So it‘s Christmas again, and I would like to share a family story with you. It happened long, long time ago but it is still a vivid topic in our family each Christmas.

My roots are in a central German family which was not particularly religious. But we sang traditional German Christmas songs and followed the traditions.
The traditional Christmas Eve celebrations stopped for me for a period after my marriage to Mohamed. He knew the traditions, tolerated them but still, that tree thing seemed very outlandish to him.
After a few years, we had two children of kindergarten age, a boy and a girl, and were living in the Bavarian Alps in Southern Germany, where Mohamed worked as a hotel manager.

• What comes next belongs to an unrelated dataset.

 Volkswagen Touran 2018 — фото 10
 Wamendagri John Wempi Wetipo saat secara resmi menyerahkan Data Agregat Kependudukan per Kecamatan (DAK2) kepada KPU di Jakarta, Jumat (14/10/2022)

Our children, now old enough to understand, expected us to celebrate Christmas just like everyone else. The hotel hosted a Christmas celebration for its guests, complete with a Santa Claus, so I asked Mohamed whether he could bring the Santa over to our home to distribute presents under our tree.

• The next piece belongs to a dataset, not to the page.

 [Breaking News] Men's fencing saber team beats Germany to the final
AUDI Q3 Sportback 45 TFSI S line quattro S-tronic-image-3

Just after nightfall on Christmas Eve, I realized something was missing for our Christmas dinner, so I quickly ran to the nearby supermarket. When I returned home, I found my children in tears. Papa had arrived, not alone, but with the hotel Santa Claus, well, yes. The children hadn’t even seen the beautifully decorated and lit Christmas tree, the presents under it when entering the sitting-room, or even Santa himself. Instead, they were faced with THAT CREATURE, — an ugly beast, rattling chains and insisting in confessions whether the children had been good all year round or not, so he could punish them or not.

The room was filled with an eerie silence, the children were very scared. And Papa Mohamed was irritated by Mama's reaction. What was his mistake ? He had taken the people over from the hotel as requested.

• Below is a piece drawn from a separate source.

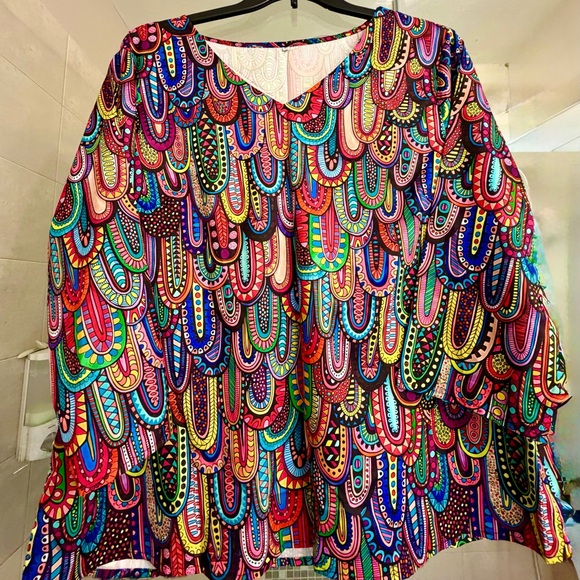 Colorful Patterned Women's Top - Picture 3 of 6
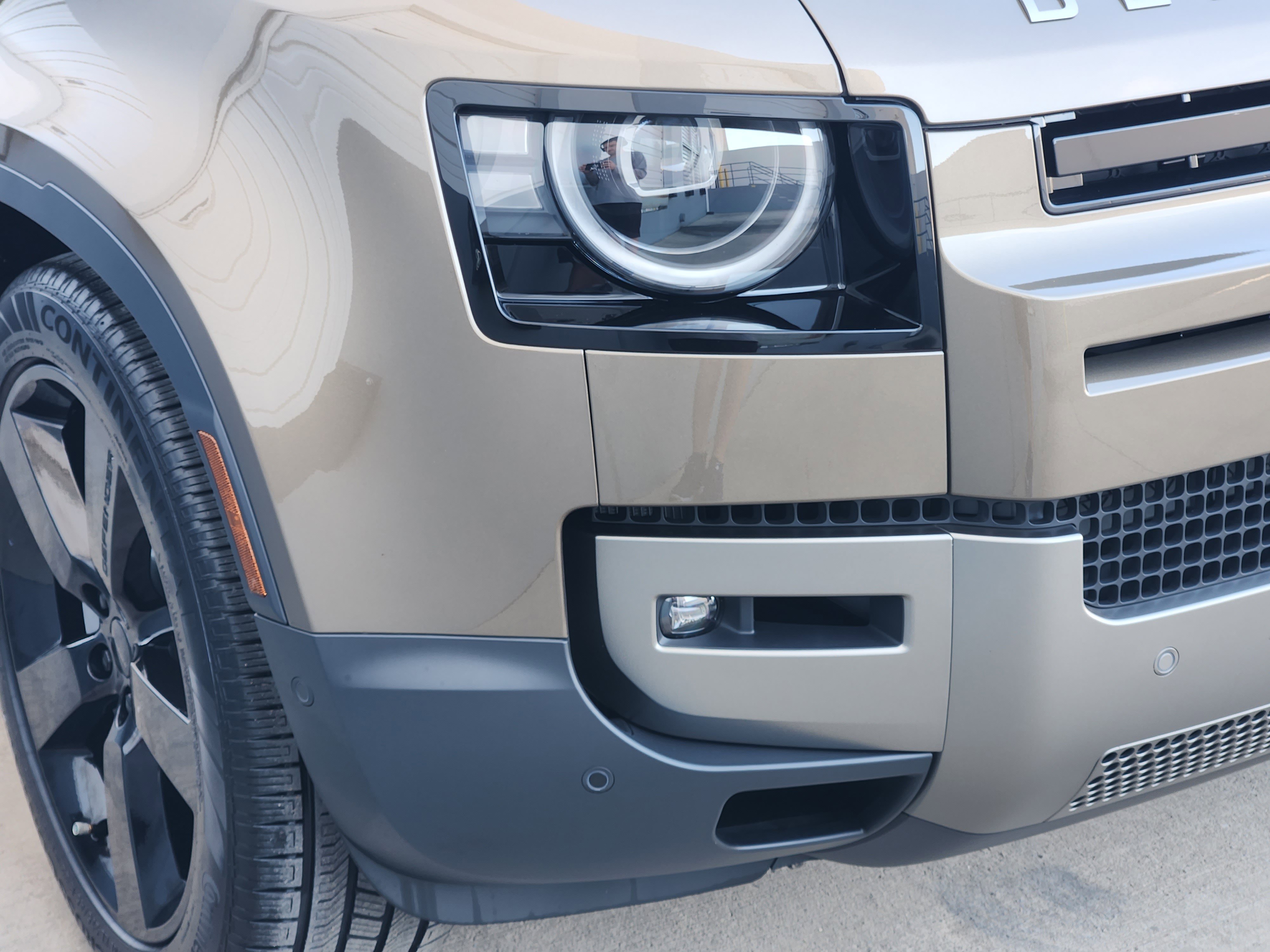 New 2026 Land Rover Defender 110 S image 8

I yelled at the man behind the costume: "Who the hell are YOU ? Here with the Santa ?" - He asked me to follow him to the kitchen, put his arm, with loud laughters, around my shoulders, then told me with artificially deep voice in his Bavarian dialect: "I'm the KRAMPUS", don't you little Prussian girl know that ?" I couldn‘t stop myself from laughing too. I didn't know that. I’m from the North, a Prussian. There was no Internet that time. We only knew a certain „Weihnachtsmann“, a Santa Claus.
The children calmed down when Santa Claus and his ugly pal had left, and we all opened our presents. We had a nice Christmas after promising them only a good Santa Claus to be allowed into our home in future. We couldn‘t tell them that both men were just in costumes.
The KRAMPUS is a tradition only being followed in allemanic culture, in Southern Bavaria, Austria and Switzerland.
This story is re-told whenever we have a Christmas gathering in the family. Those two little ones so scared by the KRAMPUS are now in their fourties and have children of their own.